The researchers stripped comments from code and conducted lexical analysis on the projects to create token sequences for the language model.

Their findings show that n-gram models CAN capture patterns in software. Software’s cross-entropy decreases significantly with higher n-gram orders (i.e. higher ’n’ - increasing the number of tokens considered in sequences when building statistical models), a lot more so than natural language. This suggests a higher repetitive local context in Java programs compared to English text.

An interesting finding was that models trained on one repository showed lower cross-entropy when tested on the same repository versus different ones, suggesting that the regularity captured by the models reflects unique, project-specific patterns beyond just programming language syntax. In other words, the models capture the “naturalness” or repetitiveness specific to each project. You may find that intuitive: each project has its own vocabulary, specific local patterns of iteration, field access, method calls etc.

One last observation was that, when tested if n-gram models can capture similarities within and differences between project domains, there appeared to be a lot of local regularity repeated within application domains, and much less to across application domains. Some domains, like the “Web”, appeared to have a very high-level of regularity (and lower self-entropy).

This paper was a very interesting read, showing that code exhibits “natural” characteristics similar to human language. This fact mainly suggests the potential of using language models for code summarisation, searching and completion tasks.

 

The Plastic Surgery Hypothesis

The last paper reviewed here is titled “The Plastic Surgery Hypothesis” [6], published in 2014. The researchers tried to demonstrate the hypothesis “Changes to a codebase contain snippets that already exist in the codebase at the time of the change, and these snippets can be efficiently found and exploited”.

The authors collected a dataset of 12 Java software projects. They retrieved the commit history of the projects from 2004 to 2012, including all related Jira tasks (title, description, author, state etc.). They filtered out some changes, such as non-source code file changes or comment adjustments.
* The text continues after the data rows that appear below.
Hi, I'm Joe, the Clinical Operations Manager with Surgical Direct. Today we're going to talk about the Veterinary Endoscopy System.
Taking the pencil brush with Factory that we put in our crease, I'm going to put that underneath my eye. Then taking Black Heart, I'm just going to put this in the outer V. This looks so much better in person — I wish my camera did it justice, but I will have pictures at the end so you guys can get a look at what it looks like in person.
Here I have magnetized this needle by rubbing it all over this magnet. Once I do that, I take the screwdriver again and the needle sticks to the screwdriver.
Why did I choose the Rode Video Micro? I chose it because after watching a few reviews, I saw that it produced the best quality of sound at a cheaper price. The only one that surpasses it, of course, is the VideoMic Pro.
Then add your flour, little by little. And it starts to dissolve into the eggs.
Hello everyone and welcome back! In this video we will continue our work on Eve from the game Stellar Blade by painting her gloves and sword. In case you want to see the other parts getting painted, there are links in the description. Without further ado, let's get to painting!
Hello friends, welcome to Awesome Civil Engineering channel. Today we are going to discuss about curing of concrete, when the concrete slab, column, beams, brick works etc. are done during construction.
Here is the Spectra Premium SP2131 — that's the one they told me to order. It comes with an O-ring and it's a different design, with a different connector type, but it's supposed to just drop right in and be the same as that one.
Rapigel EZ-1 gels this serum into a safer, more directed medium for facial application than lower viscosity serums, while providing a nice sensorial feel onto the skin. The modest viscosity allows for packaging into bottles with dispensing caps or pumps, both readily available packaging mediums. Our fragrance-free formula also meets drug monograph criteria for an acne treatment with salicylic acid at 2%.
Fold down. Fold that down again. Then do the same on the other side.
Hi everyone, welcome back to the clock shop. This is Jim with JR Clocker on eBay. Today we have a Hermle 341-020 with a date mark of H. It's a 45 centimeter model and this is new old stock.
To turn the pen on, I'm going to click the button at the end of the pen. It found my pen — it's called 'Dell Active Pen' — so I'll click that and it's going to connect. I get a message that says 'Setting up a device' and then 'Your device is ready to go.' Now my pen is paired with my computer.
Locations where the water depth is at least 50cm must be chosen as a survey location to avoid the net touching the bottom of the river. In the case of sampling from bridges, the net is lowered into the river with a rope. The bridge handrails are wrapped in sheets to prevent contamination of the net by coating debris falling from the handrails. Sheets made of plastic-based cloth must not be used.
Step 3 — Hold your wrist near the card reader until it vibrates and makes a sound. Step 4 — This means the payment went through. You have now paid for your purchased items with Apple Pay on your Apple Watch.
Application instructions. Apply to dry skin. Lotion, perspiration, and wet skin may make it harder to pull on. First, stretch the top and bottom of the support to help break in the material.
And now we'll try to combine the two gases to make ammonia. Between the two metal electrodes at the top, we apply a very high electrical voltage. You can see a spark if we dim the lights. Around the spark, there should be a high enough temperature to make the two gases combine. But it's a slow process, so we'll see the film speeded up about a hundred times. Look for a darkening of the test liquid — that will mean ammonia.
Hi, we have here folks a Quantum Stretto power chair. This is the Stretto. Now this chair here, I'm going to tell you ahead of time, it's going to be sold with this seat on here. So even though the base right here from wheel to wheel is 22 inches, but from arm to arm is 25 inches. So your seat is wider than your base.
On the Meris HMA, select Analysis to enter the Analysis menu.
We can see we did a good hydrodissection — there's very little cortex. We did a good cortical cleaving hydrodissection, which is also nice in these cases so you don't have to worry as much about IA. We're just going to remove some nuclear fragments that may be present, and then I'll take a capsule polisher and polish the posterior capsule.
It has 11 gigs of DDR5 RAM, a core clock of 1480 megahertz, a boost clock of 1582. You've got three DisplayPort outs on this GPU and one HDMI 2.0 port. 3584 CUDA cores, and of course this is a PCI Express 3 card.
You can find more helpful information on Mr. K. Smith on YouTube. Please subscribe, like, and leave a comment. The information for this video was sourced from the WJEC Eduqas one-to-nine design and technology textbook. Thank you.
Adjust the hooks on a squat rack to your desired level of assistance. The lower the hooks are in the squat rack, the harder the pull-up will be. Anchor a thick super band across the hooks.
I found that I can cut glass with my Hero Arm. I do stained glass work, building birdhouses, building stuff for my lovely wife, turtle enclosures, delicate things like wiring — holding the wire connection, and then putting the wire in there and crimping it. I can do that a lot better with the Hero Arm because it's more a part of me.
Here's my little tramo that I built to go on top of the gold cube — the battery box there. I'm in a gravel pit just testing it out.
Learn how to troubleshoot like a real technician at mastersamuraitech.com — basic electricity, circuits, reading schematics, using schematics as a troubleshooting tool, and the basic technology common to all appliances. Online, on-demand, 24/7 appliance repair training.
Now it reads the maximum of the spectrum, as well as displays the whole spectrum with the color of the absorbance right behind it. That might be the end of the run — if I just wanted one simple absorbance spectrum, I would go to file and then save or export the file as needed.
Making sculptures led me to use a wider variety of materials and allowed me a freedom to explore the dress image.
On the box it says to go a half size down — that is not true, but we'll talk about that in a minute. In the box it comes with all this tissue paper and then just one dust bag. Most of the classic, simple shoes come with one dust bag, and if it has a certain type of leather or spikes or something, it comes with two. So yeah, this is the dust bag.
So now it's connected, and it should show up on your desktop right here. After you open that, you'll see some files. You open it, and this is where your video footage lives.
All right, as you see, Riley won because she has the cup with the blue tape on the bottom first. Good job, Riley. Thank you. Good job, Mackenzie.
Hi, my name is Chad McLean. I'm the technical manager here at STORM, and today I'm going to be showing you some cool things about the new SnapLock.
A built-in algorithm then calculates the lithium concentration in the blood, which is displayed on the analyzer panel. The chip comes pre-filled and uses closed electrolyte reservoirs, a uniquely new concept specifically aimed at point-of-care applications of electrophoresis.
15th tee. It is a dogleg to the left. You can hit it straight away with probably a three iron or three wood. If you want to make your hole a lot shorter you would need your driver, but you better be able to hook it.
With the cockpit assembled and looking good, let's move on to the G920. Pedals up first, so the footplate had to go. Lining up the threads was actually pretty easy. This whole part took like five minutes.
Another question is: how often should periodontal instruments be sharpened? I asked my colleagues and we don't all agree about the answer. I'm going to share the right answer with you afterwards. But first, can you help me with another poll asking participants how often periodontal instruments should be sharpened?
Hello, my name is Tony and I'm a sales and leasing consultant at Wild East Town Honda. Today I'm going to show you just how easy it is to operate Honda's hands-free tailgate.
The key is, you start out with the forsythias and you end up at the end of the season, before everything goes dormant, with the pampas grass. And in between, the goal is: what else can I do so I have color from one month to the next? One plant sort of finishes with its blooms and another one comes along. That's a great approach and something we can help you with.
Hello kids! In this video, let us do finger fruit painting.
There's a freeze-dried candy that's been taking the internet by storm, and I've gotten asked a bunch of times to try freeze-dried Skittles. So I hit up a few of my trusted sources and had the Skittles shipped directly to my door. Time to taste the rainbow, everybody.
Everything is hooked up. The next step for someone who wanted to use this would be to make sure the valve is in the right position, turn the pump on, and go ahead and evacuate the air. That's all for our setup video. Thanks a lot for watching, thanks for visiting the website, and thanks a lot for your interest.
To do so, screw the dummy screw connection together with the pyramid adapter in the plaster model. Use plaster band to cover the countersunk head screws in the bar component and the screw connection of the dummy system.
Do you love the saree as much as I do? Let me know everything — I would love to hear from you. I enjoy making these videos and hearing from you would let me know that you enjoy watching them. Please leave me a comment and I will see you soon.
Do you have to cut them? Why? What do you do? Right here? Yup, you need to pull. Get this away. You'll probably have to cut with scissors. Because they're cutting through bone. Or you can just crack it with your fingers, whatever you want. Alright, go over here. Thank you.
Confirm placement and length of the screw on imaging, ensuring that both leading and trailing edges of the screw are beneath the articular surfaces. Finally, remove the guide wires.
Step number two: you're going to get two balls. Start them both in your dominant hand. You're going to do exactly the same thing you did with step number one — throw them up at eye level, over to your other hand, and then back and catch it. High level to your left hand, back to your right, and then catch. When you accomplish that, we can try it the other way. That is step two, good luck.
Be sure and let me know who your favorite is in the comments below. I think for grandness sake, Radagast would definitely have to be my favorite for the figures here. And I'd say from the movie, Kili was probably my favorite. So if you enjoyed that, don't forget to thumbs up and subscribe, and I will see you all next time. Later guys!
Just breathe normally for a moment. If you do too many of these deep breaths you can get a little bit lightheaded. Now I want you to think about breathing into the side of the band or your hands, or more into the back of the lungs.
As a result, they analysed a total of 15723 commits.

To test the hypothesis, they divided each code change into smaller units named “snippets” or “grafts.” They then looked for exact matches of these snippets (ignoring whitespace) within three spaces:

  • the parent version of the code (i.e., HEAD~1),
  • non-parental ancestors of the code,
  • other projects

The results were:

  • 42% of commits are 50% graftable, and 10% of commits can be entirely reconstructed using grafts
  • Only 16% of commits are completely novel
  • The size and type of the commit (such as bug fixes, improvements, or new features) have little impact on graftability variance
  • 30% of the components of commits are present within the same file

“graftable” refers to the proportion or percentage of a code change (commit) that can be reconstructed using existing code snippets (grafts) found within defined search spaces.

This hypothesis was the foundation of automatic repair tools that used genetic programming to search for repairs. In the current landscape, it also underscores the potential for using LLMs to efficiently address issues within a codebase

 

Toward automatic software synthesis

There research findings on code naturalness, reusability and predictability, make it unsurprising that LLMs have been able to exploit the same predictable reusability to produce effective recommendations for code generations.

Of course, these observations have underpinned the growth of generate-and-test approaches to repair and genetic improvement [7].

Maybe the genetic improvement approaches that have been studied to far can provide a scientific framework within which to understand and evaluate LLM-based code generation better. Both technologies share the “generate-and-test” approach to program transformation and code generation, potentially making much of the existing work on genetic improvement directly applicable to LLM-based code generation.